Extracting data from insecure Elasticsearch templates

Search functionality has gone from a cool feature to a commodity – everyone expects search to be there and just work. At the same time, the infrastructures, data models, and back-ends behind the friendly search bar can now be incredibly complex, requiring novel approaches that go far beyond sending a query to a database server. Elasticsearch was developed to meet that need and is now the world’s most popular enterprise search engine, so knowing how to use it properly is critical for data security – especially as it’s very easy to get this wrong.

Before we get into some examples of insecure usage, let’s take a step back to see how we got where we are today with Elasticsearch.

A silent paradigm shift in web development

Before the cloud era, web development was a lot less specialized. Sure, we had our fair share of frameworks that required specific knowledge to build a functioning application, but their job was mostly to abstract away all of the tedious work that came with building a web application, such as session, cookie, or user management. In practice, you could treat these solutions as extensions of existing programming languages, so learning them was a matter of remembering a few new functions and patterns.

The last few years, however, have seen a major (if silent) shift. While previous frameworks and technologies were mostly designed to make a developer’s job easier, more recent projects are increasingly focused on enabling programmers to write applications that are more technically robust and advanced under the hood. This is especially true for highly distributed systems where you need completely different approaches to ensure scalability, reliability, and performance.

All this was not really surprising given the success and expansion of cloud-based systems, especially with big technology companies releasing their highly specialized tooling for anyone to use. One motive was to attract an open-source community that would build upon – and of course improve – the technologies they were using for their own products.

Enter Elasticsearch

In a distributed world, many of these new technologies had to be dramatically different from what was used before, forcing a change to the way we write our applications. Elasticsearch is a good example of a technology that seems familiar but represents a completely different approach to searching data. Even though it’s been around for quite a while, its usefulness for all sorts of enterprise applications was not immediately apparent to a wider audience. Before, you would have mostly used a traditional SQL database, such as MySQL – or Microsoft SQL Server, as a lot of our readers are painfully aware.

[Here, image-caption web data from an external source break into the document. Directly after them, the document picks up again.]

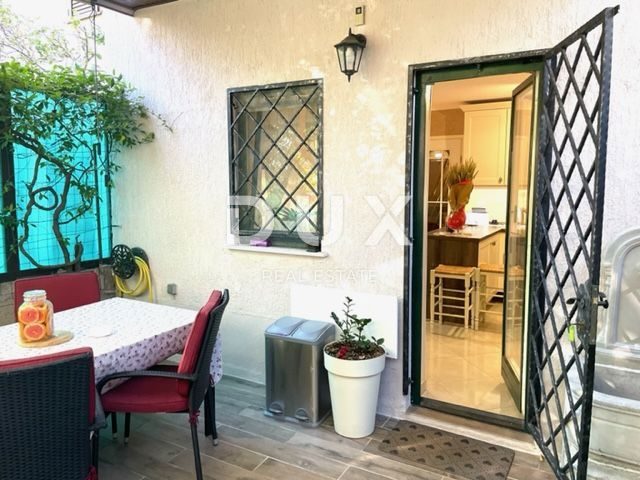 Casa in vendita 154 m² – Rijeka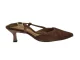Paul Green 7992 Slingbacks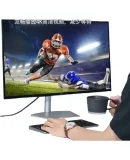 UGREEN PCI-E to Gigabit Ethernet Adapter, Desktop Internal Wired Network Card, Auto-Adaptive Ethernet Card, Gigabit Network Port Expansion Card, Computer Motherboard RJ45 Interface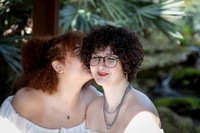 baduffy-260315-Tea & Taryn Engagement -5650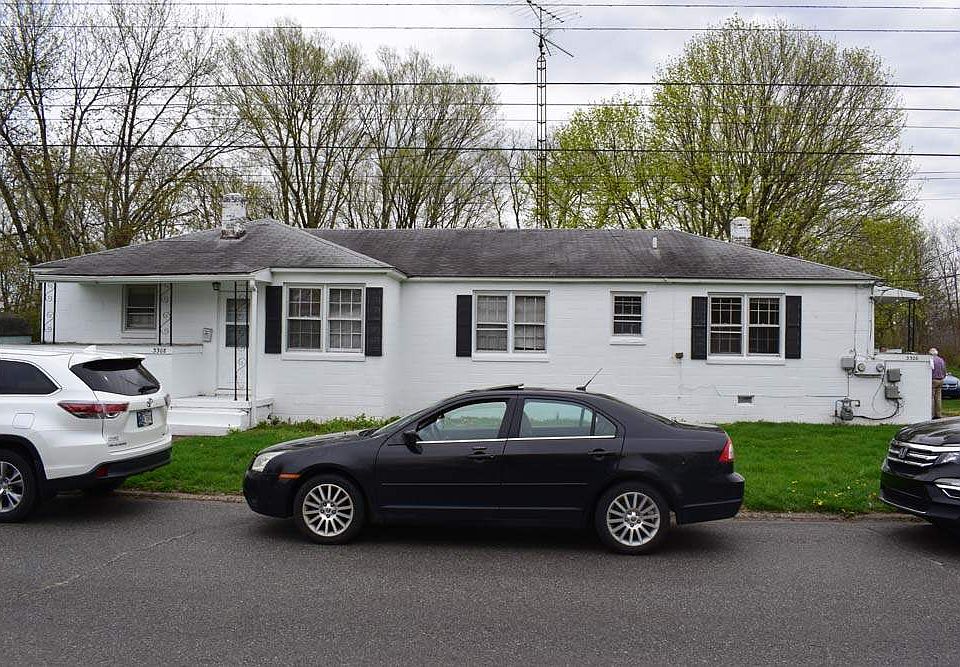 1st image of 3306 N Central Ave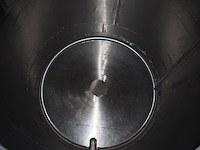 Nn tank - afbeelding 4 van  6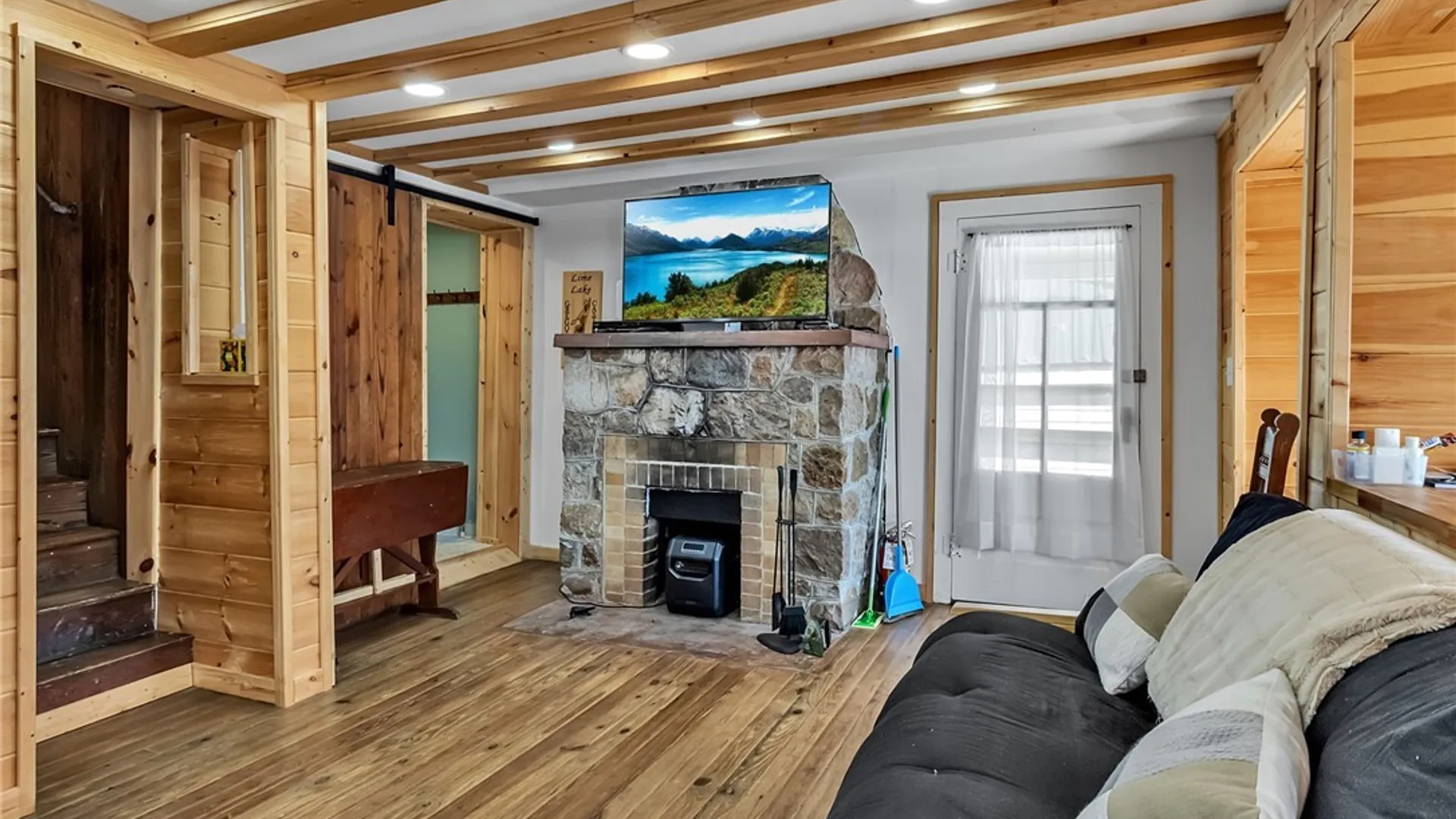 Property at 358 Lakeview Boulevard, Machias, NY 14042 18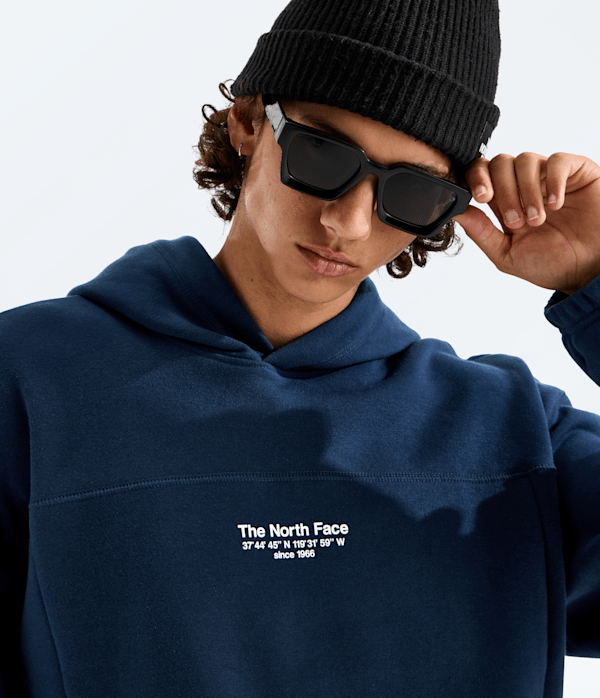 Mens-Places-We-Love-HoodieEverest-TNF-HERO2.png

But Elasticsearch had several features that would make it a lot more popular among developers, such as the fact that it sports a JSON-based API – a feature that anyone who’s ever had to write an SQL query of slightly above-average complexity would happily pay a large amount of money for. Another reason good old SQL queries fell a bit out of favor is that they have historically been a leading cause of unauthorized surprise backups. Clearly, there was a need for alternatives.

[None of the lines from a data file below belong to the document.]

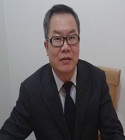 Renshi Xu - The Clinical Neurologist International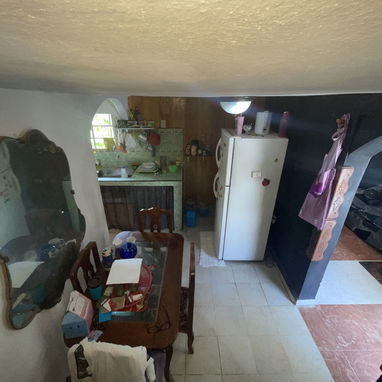 Excelente oportunidad de inversión en el Vedado - Img 122255477
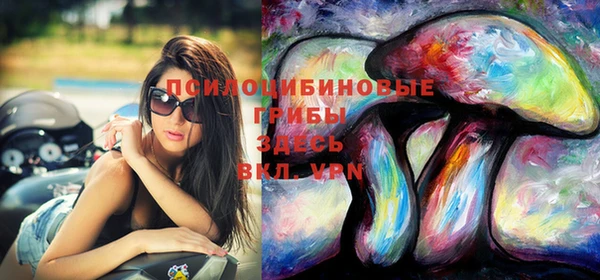 метадон Балахна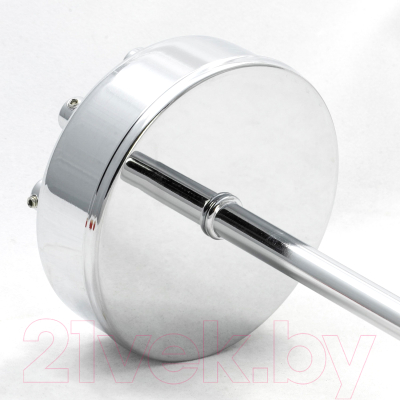 Люстра Lussole LGO Cochise GRLSP-8090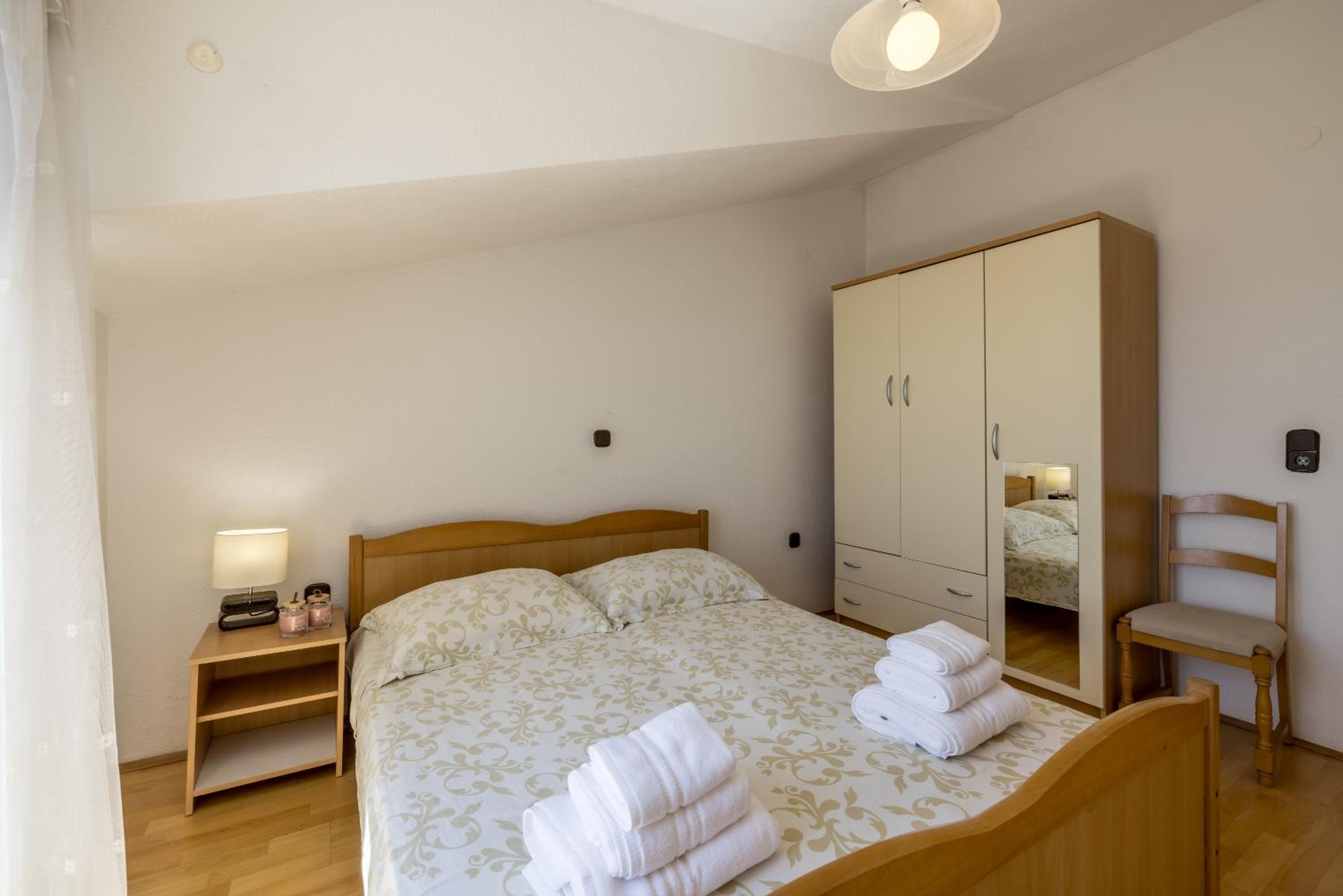 Holiday House Krishto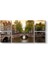 Amsterdam Kanal Tablosu 1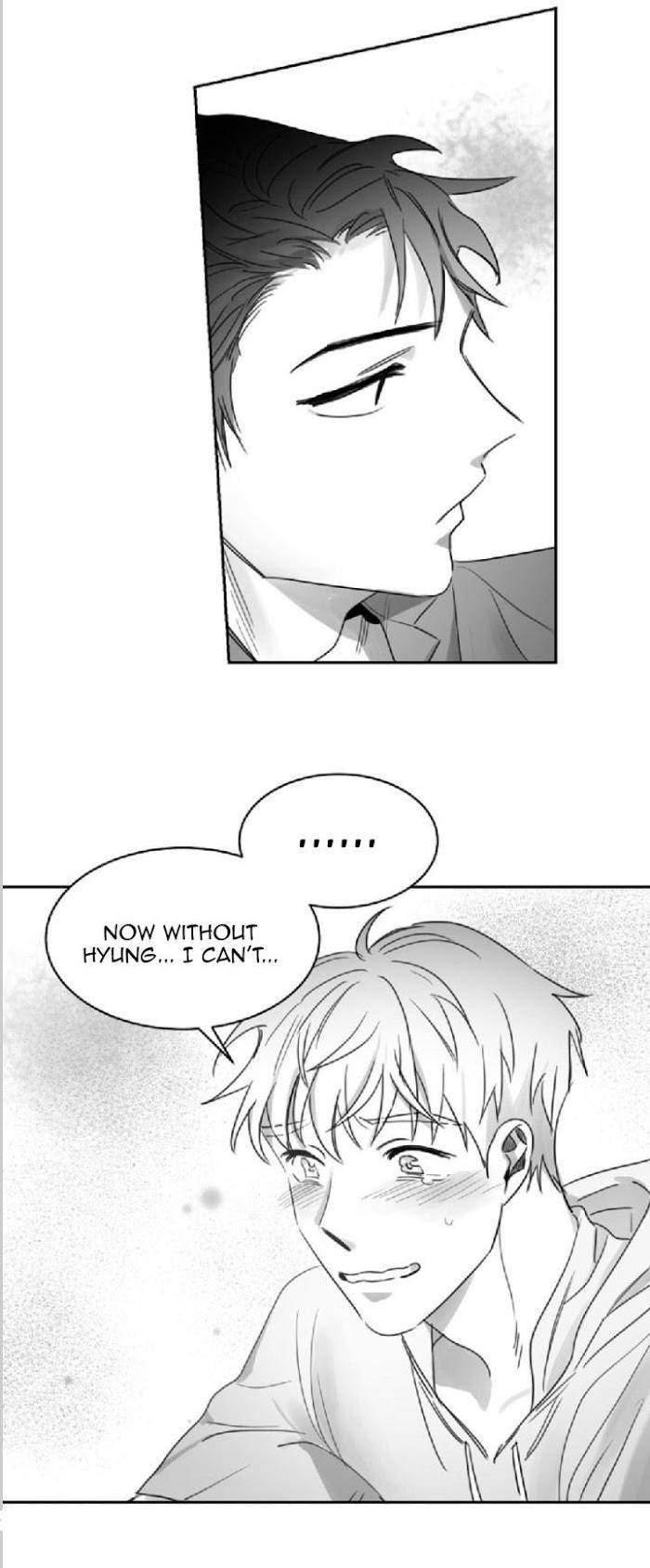 Unromantic-By-Jeong-Seokchan-Eng page 14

What are search templates?

The alternative we want to talk about today is search templates, specifically Mustache templates as used in Elasticsearch (and supported for all major programming languages). Imagine you want to provide search functionality on your website, for example to search for blog posts. Specifically, you want to give users the ability to filter results by their own criteria, such as the ID of the post. Here’s one example of such a template:

{
    "script": {
        "lang": "mustache",
        "source": {
            "query": {
                "match": {
                    "postID": {
                        "query": "{{ID}}"
                    }
                }
            }
        }
    }
}

As you can see, we have specified our search criteria within the template and allow for variable user input between double braces. The template is conveniently written in JSON format and specifies a postID parameter that we want to get from the user. The {{ID}} template string will be expanded to reflect actual user input and automatically sanitized, so we can embed user input in the template knowing we are relatively safe from injection – that is, if the template is written correctly.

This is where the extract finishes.